In 2023 the FDA moved 19 peptides into Category 2. The most prominent on the list are BPC-157, CJC-1295 (with and without DAC), Ipamorelin, Tesamorelin, Selank, Semax, Thymosin Beta-4, and Epitalon. The agency cited two reasons. The first was immunogenicity: synthetic peptides — especially modified ones — can trigger anti-drug antibodies, and there is no general way to predict that risk from sequence alone. The second was the absence of a USP monograph (a third-party-validated recipe and identity standard), without which the FDA cannot verify what is in the bulk vial.
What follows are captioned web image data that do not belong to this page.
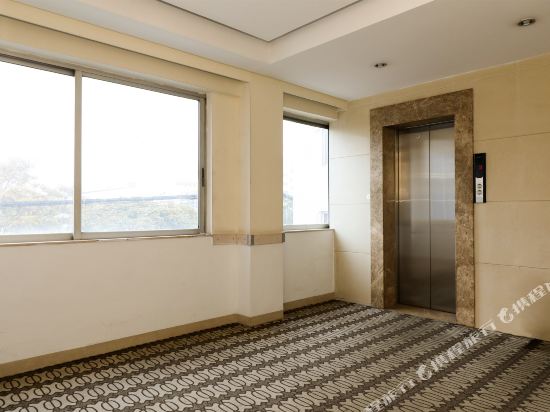 Zhitong Hotel - last minute hotel in Foshan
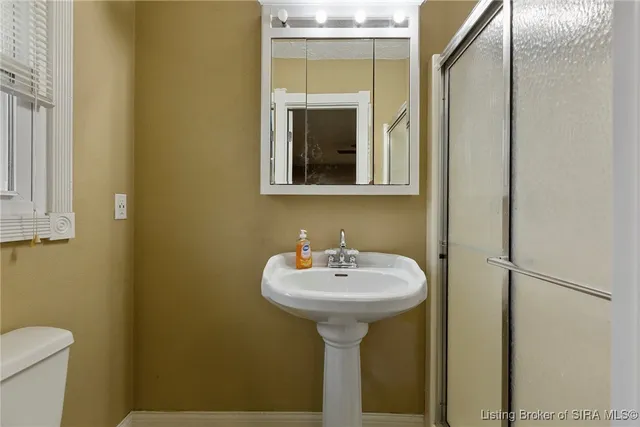 $335,000 | 6828 Farnsley Knob Road, Elizabeth, IN 47117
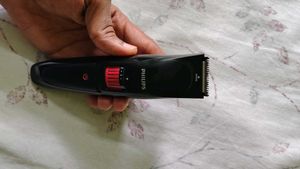 Black Hair Trimmer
Critics — including HHS Secretary Robert F. Kennedy Jr. — have framed the ruling as preemptive rather than evidence-based, arguing that "absence of efficacy data" should not by itself trigger a ban. The technical legal answer is that Category 2 does not require evidence of harm; it requires absence of evidence of safety. The structural disagreement is about which way that burden of proof should run.

What the 2026–2027 PCAC review will consider

The PCAC review of the Bulks List is expected to produce decisions on at least three fronts. First, whether any of the 19 peptides should move out of Category 2 — most likely on the basis of accumulated post-2023 clinical evidence or new USP monographs. Second, whether new peptides should be added to Category 2 or admitted to Category 1 / 4. And third, whether the procedural framework for evaluating peptides specifically should be updated.

The third item is potentially the most consequential. Peptides do not fit neatly into the existing small-molecule framework, because their immunogenicity and stability are sequence-specific in ways small molecules are not. A peptide-specific framework — analogous to the framework that biologics have under the BLA pathway — would make consistent regulation possible.

Three plausible outcomes

Outcomes range across a spectrum. Three feel most plausible in conversations with regulatory specialists today:

• Status-quo extension. The most heavily-discussed peptides remain in Category 2; the FDA continues to require human safety data the gray market is unlikely to generate. The compounding gray market continues to shift to less-regulated sourcing or moves offshore.
• Selective de-escalation. A subset of the 19 peptides — likely those with the most rigorous post-2023 immunogenicity data, such as Tesamorelin (which was already a previously-approved drug) — move to Category 3 or out of evaluation. BPC-157 and CJC-1295 most likely remain in Category 2.
• Framework refresh. A peptide-specific evaluation framework is published, separate from the existing small-molecule criteria. Re-evaluation of all 19 peptides happens against the new framework, with mixed outcomes per peptide.

Why this matters even if you don’t care about specific peptides

The 2026–2027 review is the most consequential regulatory event for the compounded peptide market in a decade. Beyond the specific peptides, it will set the precedent the agency uses for the next wave of peptides under development — including AI-designed peptides whose sequences won’t exist when the framework is decided. The framework defined for the 19 will be the framework that applies to the 19,000.

The right way to engage is not to advocate for specific peptides. It is to advocate for a defensible, peptide-specific evidence framework that the field can clear and the FDA can enforce. That is the conversation the next 12 months will determine.